La rénovation urbaine de la banlieue ne date pas d’hier. L’urbanisation de la périphérie est perpétuellement ressentie comme récente, précipitée, exclusivement dédiée à l’économie, qu’elle soit industrielle ou commerciale, en contrepoint du centre, lieu stratifié de l’histoire et de la culture.
Cette appréhension imprime dans les consciences l’idée d’une ville coupée en deux. Si les noyaux anciens font l’objet d’attentions diverses, les faubourgs demeurent le lieu de tous les possibles urbains, de toutes les tentations dérogatoires, destinées aux cobayes de l’architecture expérimentale et autres déréglementations métropolitaines. Au bout du compte, le paysage de la banlieue ne bénéficie pas d’une valeur reconnue pour son identité propre et sa mémoire, mais inspire largement le sentiment d’un inachèvement chaotique nécessitant un vigoureux remaniement.
Ainsi, sous la pression renouvelée du Grand Paris ou autres “éco-quartiers”, les métamorphoses attendues des communes du nord-est parisien découlent d’une approche aussi radicale qu’amnésique, rappelant étrangement un mode de planification d’un autre temps. Dans cette optique, revenir sur une page de l’histoire récente de Saint-Denis à travers l’opération de la “ZAC Basilique”, à l’examen de ses réussites et de ses échecs ou encore du jeu des acteurs d’alors, n’est pas sans éclairer le mode actuel de fabrication de la ville sur ce même territoire, ceci à l’aube de la grande mutation métropolitaine parisienne.
Un quartier “rénové”
Dès le lendemain de la Seconde Guerre mondiale, les abords immédiats de la basilique de Saint-Denis, seuil de l’art gothique et nécropole des rois de France, font l’objet de réflexions tentant de traiter les affres urbaines de l’insalubrité, à savoir un bâti congestionné et dégradé où s’enchevêtrent des logements paupérisés et des ateliers. Des années 1950 aux premières réalisations du quartier actuel s’égrèneront des visions urbaines successives, sous l’axe constant d’une éradication des îlots situés au nord de la basilique.
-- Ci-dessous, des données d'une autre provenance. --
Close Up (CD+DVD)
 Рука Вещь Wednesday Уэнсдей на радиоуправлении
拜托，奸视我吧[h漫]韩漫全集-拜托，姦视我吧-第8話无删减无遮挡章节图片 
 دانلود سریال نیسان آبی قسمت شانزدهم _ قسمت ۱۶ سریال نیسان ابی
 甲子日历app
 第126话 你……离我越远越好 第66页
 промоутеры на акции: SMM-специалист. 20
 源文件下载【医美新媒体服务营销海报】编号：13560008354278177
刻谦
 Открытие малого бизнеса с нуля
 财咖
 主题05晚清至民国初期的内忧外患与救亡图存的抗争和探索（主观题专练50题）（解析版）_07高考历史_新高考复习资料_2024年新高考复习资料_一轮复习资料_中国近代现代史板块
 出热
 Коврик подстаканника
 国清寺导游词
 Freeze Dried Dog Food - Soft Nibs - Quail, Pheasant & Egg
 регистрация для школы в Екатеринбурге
Les différents projets établis par André Lurçat, puis Serge Lana et Serge Magnien, ses anciens assistants, et enfin par une pléiade d’architectes coordonnés par la Sodedat, la SEM du département, vont tour à tour convoquer les thèses du moment : de l’hygiène fonctionnelle des barres dégageant le sol et le monument en fluidifiant la circulation automobile, jusqu’à la recomposition d’une morphologie “historique”. Cette dernière tendance revendique une urbanité retrouvée, selon les théories émergeant en France dans les années 1970, lesquelles rejettent la mise en forme urbaine et sociale des “grands ensembles” dont le territoire avait été largement pourvu. Durant près de trois décennies se joue la genèse politique et théorique du projet, dans le contexte d’un suivi resserré de l’État et de sa Direction du patrimoine, gardienne contre-révolutionnaire des sépultures royales englobées dans l’expansion industrielle du XIXe siècle, face à une municipalité ouvrière soucieuse de faire valoir ses prérogatives en urbanisme et sa vision militante d’une architecture politiquement engagée dans l’innovation et le social.
Entre le métro étiré depuis Paris en 1976 jusqu’au tramway en 1992, les opérations découpées par “îlots” offrent aujourd’hui l’image d’un quartier spécifique de la ville, identifiable par sa morphologie et son architecture. Cet ensemble constitue le manifeste d’une période transitoire qui perdure aujourd’hui, affichant toutes les velléités d’une rupture avec l’urbanisme étatique des Trente Glorieuses tout en prolongeant certains de ses aspects. Objet de débats dès sa genèse, la ZAC Basilique constitue une pièce de l’histoire urbaine française, enthousiasmante par la dynamique des points de vue relayés par la presse spécialisée d’alors et la fraîcheur des réflexions théoriques qui l’ont animée, aux antipodes du cynisme économique, ou plutôt financier, des pratiques actuelles.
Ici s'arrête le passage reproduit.